En nuestro tiempo, para invadir con el cine propio o con cualquier arte otros países, para seducir a otros públicos, no basta con que los artistas tengan genio, belleza, inspiración; es preciso colonizar el gusto del público y persistir en esa labor colonizadora. Para convencer a cualquier muchacho español de que olvide las albóndigas y convierta las hamburguesas en su manjar cotidiano, es absolutamente necesaria una operación previa: la colonización del gusto. Si a un ciudadano cualquiera, a finales del siglo diecinueve, le gustaba la música de las óperas italianas, se vestía con arreglo a la moda francesa si era señora, inglesa si era caballero; leía a Zola, a Dickens, a Tolstoi, a Dostoievski y a Galdós no diríamos de él que tenía el gusto colonizado. Pero si un ciudadano europeo de nuestro tiempo disfruta con el rock, gasta pantalones vaqueros, se alimenta de hamburguesas, lee a Chandler, a Robbins, incluso a Hemingway, a Faulkner, a Scott Fitzgerald, fuma tabaco de Virginia y sólo ve en la tele o en el cine películas americanas, sí podremos decirlo.

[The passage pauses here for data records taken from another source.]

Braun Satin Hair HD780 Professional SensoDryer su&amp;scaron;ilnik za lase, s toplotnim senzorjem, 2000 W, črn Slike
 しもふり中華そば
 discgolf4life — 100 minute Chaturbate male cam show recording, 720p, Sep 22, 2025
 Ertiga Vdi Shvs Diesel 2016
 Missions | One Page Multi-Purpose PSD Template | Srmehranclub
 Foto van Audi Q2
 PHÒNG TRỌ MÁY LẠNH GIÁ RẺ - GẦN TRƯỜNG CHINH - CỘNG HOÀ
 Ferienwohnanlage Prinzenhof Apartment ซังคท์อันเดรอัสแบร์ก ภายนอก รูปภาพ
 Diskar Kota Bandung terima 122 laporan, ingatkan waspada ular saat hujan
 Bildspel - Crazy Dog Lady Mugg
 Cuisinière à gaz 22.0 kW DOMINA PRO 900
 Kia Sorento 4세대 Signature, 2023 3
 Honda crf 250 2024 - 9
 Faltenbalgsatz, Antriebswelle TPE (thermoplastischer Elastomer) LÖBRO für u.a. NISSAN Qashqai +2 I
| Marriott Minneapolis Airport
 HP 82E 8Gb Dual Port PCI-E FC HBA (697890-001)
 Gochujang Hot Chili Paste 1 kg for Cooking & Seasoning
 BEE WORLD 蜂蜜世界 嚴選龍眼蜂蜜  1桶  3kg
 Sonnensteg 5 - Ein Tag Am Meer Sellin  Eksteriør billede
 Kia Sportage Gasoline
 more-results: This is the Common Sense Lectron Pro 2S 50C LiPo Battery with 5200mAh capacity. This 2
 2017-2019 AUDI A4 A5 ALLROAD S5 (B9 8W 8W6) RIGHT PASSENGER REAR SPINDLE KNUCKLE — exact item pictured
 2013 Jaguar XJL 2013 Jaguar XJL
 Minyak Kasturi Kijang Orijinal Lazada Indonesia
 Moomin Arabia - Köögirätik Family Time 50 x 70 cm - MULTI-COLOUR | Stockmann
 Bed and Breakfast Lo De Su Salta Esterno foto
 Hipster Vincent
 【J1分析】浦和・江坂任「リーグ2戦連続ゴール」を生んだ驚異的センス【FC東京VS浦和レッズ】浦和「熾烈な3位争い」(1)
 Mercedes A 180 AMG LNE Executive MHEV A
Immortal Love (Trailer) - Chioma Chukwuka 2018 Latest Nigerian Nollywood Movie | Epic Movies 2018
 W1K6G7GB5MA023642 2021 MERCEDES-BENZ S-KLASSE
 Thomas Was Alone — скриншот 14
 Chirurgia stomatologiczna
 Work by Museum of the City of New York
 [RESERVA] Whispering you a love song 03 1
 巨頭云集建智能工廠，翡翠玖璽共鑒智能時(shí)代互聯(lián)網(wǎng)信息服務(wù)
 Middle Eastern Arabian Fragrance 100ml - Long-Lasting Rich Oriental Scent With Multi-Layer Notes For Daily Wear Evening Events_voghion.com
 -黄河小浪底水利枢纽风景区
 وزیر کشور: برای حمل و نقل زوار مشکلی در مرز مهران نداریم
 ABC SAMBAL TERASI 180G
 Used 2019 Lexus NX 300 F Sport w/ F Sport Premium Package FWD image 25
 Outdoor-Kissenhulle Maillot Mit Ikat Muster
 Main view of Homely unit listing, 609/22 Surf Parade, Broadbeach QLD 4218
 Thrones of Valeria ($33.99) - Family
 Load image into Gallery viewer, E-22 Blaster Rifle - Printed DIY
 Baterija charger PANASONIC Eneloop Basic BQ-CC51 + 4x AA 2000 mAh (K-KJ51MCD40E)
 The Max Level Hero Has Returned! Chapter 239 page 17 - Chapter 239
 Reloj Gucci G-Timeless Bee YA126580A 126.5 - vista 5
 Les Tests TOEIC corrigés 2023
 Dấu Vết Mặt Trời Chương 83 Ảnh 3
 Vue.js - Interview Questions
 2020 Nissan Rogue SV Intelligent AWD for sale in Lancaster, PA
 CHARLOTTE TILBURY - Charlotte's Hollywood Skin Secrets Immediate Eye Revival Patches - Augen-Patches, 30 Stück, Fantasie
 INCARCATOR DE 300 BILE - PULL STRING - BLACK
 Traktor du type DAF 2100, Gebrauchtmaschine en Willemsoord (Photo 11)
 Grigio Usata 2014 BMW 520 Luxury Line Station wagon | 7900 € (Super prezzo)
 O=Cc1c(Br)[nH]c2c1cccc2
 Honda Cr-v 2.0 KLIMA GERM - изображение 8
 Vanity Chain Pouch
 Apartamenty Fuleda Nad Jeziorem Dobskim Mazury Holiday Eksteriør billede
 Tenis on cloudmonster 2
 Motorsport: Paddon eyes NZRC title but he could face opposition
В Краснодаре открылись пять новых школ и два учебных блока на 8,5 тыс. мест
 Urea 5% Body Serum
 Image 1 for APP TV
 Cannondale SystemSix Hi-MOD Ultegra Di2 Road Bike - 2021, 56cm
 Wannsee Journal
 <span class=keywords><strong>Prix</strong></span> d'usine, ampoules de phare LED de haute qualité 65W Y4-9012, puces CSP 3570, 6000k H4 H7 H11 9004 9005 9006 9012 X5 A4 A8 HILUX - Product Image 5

A esta labor se han dedicado, desde hace muchos años, desde la primera guerra mundial, y sobre todo desde que acabó la segunda, los especialistas americanos de promoción. Han invertido en ella cantidades ingentes de energía, de dinero y de talento. Han recibido, también hay que decirlo, ayuda de las más altas esferas del Estado. Y, en justicia, han cosechado los frutos.
Ahora los entristecidos y atemorizados cinematografistas europeos cantamos la palinodia. No hemos sabido conquistar otros mercados, ni siquiera el nuestro. Los que teníamos, hemos ido perdiéndolos. Esto se acaba. ¿Qué hacer? Se le pide ayuda a los respectivos gobiernos, y los gobiernos la prestan. Pero es sólo ayuda económica; ya se sabe que los gobiernos de los países pobres no manejan más que dinero. Los de los ricos manejan poder. Con ese dinero se pueden hacer películas. Pero, ¿de qué sirven, si los públicos no quieren verlas? Por otro lado, no van a seguir haciéndose siempre a fondo perdido. Y hoy día amortizar una película en un solo país, pobre y pequeño, como suelen ser los europeos, o pobre, pequeño y atrasado, como suele ser el nuestro, es imposible. ¿Y a quién vamos a colonizar nosotros a estas alturas? Quizás, ya que no en atacar, haya que pensar sólo en defenderse. Pero, ¿cómo vamos a defendernos los europeos de los imperialistas norteamericanos, si al mismo tiempo les pedimos que vengan aquí a defendernos del inminente ataque de los rusos?